As we know from our own training and investigations, and as this week’s Council debate reinforced, trust is no simple matter.  Indeed, like “love” and many other of our cherished normative categories, trust is far easier to invoke than to either define or maintain.  Indeed, in a world which seems at times to be spinning out of control, the tendency in policy is to focus too much on the criterion govering our own trust issues rather than on criterion for cultivating and enabling trust in others.  Moreover, in the context of multilateral relations, it is too easy to forget that the priority of trust-building has a history, one in part of colonial powers and other large states which has “borrowed against trust,” over and over again, throwing their weight around, imposing values that they do not always practice themselves, telling only the part of the truth which serves national interests, crafting agreements with abundant loopholes which preserve options for some and limit them for many others, insisting on ending impunity for smaller, offending states while dodging accountability for themselves, insisting on a “rules-based order” without a thorough vetting of who made those rules and the starkly uneven ways in which they are often enacted.
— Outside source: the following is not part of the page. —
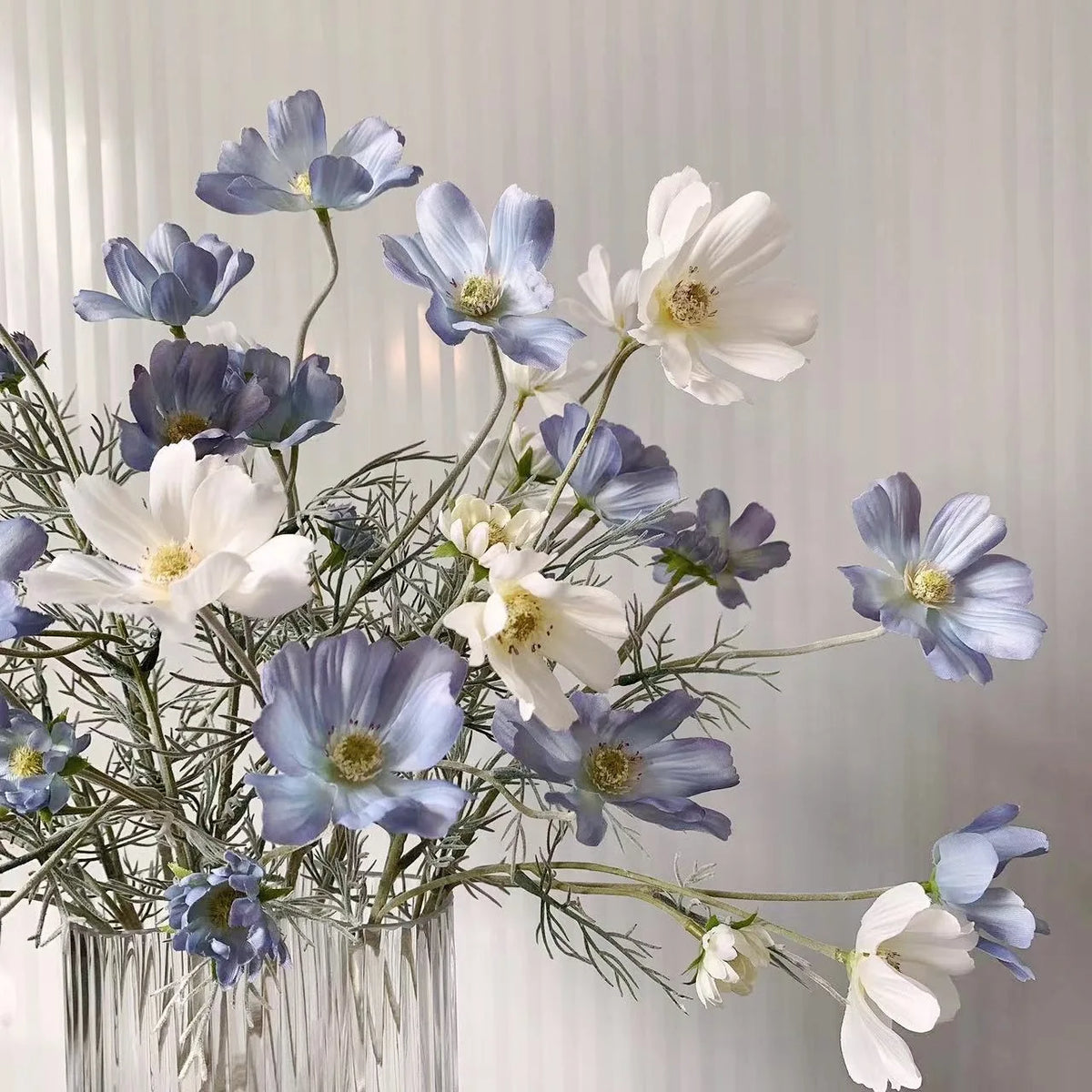 Artificial flowers daisy for wedding decorations and table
We should be clear here.  We have sat in UN conference rooms with laptops open and mouths closed for a generation now.  Despite the aforementioned “cold winds” which we experience on a daily basis, we continue to believe that the flaws in this system, flaws which impede the full-flowering of what is still a rather remarkable experiment, can and must be fixed.  Despite the extraordinary diplomatic and learning opportunities occurring routinely within its walls, we have long since moved past honoring the resolutions which are dead on arrival, the endless COPs and other of what Kenya referred to this week as our “ceremonial meetings” which too –often deliver even less than half a loaf, those diplomats who insist that the UN is solely for its member states without reminding the small but attentive audiences that the decisions which hopefully bind are made mostly in national capitals not in UN conference rooms, the often-fruitful discussions which are now more frequently webcast but which are more likely to raise constituent expectations than satisfy them. 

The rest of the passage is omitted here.